The reintroduction of the Maybach nameplate isn’t the only change happening over at the brand known by its three-pointed star. Indeed, alongside the luxury moniker, Mercedes-Benz is shaking up their entire naming strategy. Everything will now be defined by specific letters, denoting where it sits in the German marque’s current line-up.
Standard models will stick to the A-, B-, C-, E-, and S-Class brands — or the “core models,” as Mercedes calls them. These are the sedans and five-door models that are brand’s bread and butter. Four-door coupe versions, of which Mercedes has several, will now be denoted by the prefix CL. The CLS is derived from the S-Class, for instance, while the CLA comes from the A-Class. Presumably, this means the E-Class Coupe will become the CLE. Roadsters, meanwhile, will all adopt “SL” in their name. The SLK, Merc’s smallest roadster, will become the SLC to align it with the C-Class family. The SL roadster will remain the SL, to maintain its “iconic status.”

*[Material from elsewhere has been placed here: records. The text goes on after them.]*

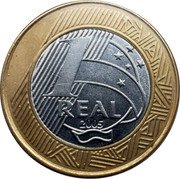 Brazil Real 40th Anniversary of the Central Bank 2005 KM# 668 1 REAL 2005 coin reverse Brazil Real 40th Anniversary of the Central Bank 2005 KM# 668 1 REAL 2005 coin reverse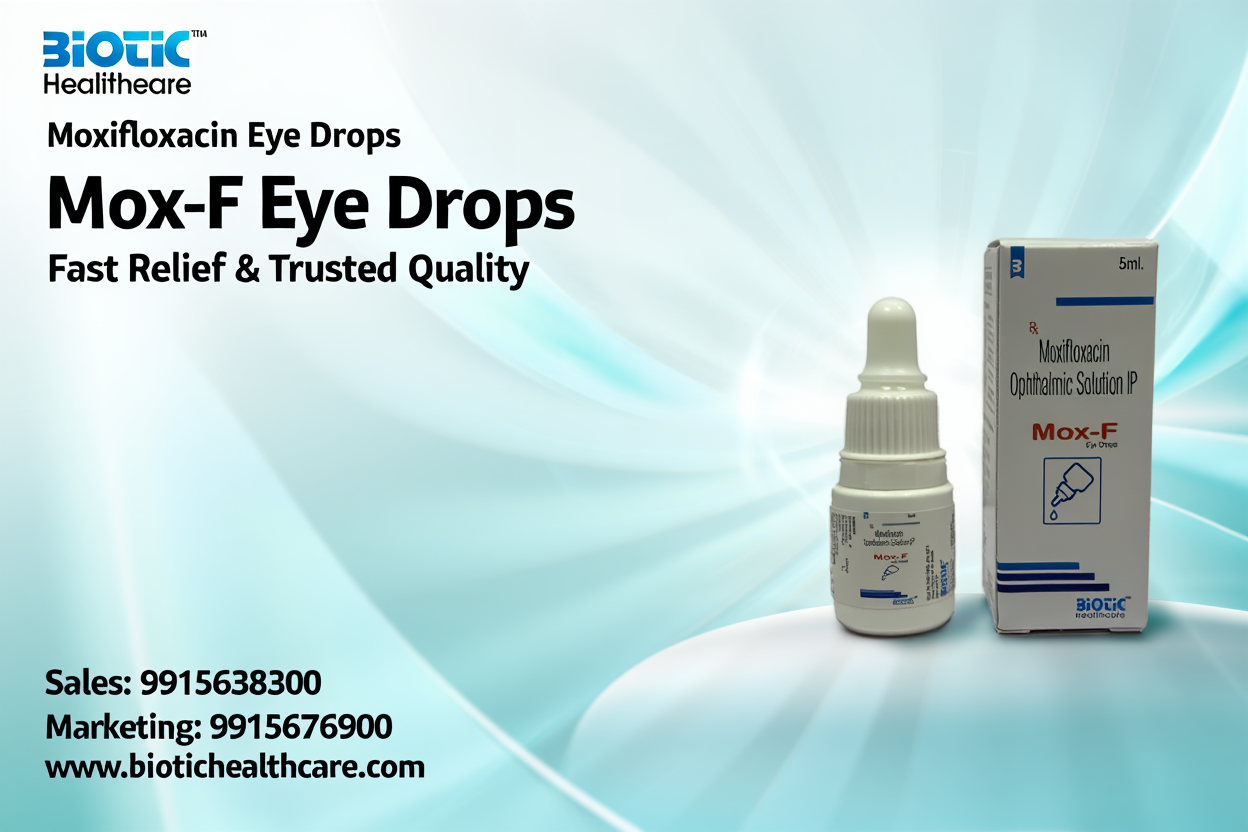 Moxifloxacin Eye Drops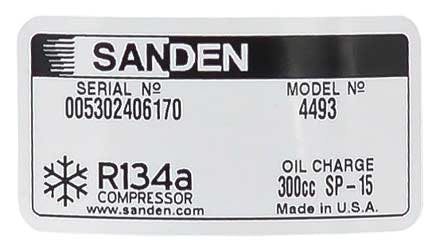 Sanden A/C Compressor, for Volvo - 5385-6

Mercedes’ swelling line-up of SUVs will also be streamlined into one naming strategy. GL is the new nomenclature applied to all. The GLA is based on the A-Class, the GLK becomes the GLC, the M-Class becomes the GLE (to align it with the E-Class), while Mercedes’ big, bold GL-Class will become the GLS — somewhat fitting, given it’s essentially an S-Class that can climb a mountain. The G-Class, the brand’s boxy, iconic “Wagen,” will remain as is, again as tribute to its legendary status (Mercedes’ words).
Confused? Don’t worry, it’s a lot of letters and names. Let’s break it down into something more easily digested: anything ending in “A” is an entry-level model, anything in “C” is midrange, anything with “E” is premium, while anything with “S” is luxury. Anything with “Mercedes-Maybach” attached to the trunk is only for those who consider $10,000 to be pocket change. At the very least, these sweeping changes should make the 30 models Mercedes-Benz’s plans to have available around the world by 2020 a little easier to sort. Just make sure you know your ABC’s before heading to your local dealer.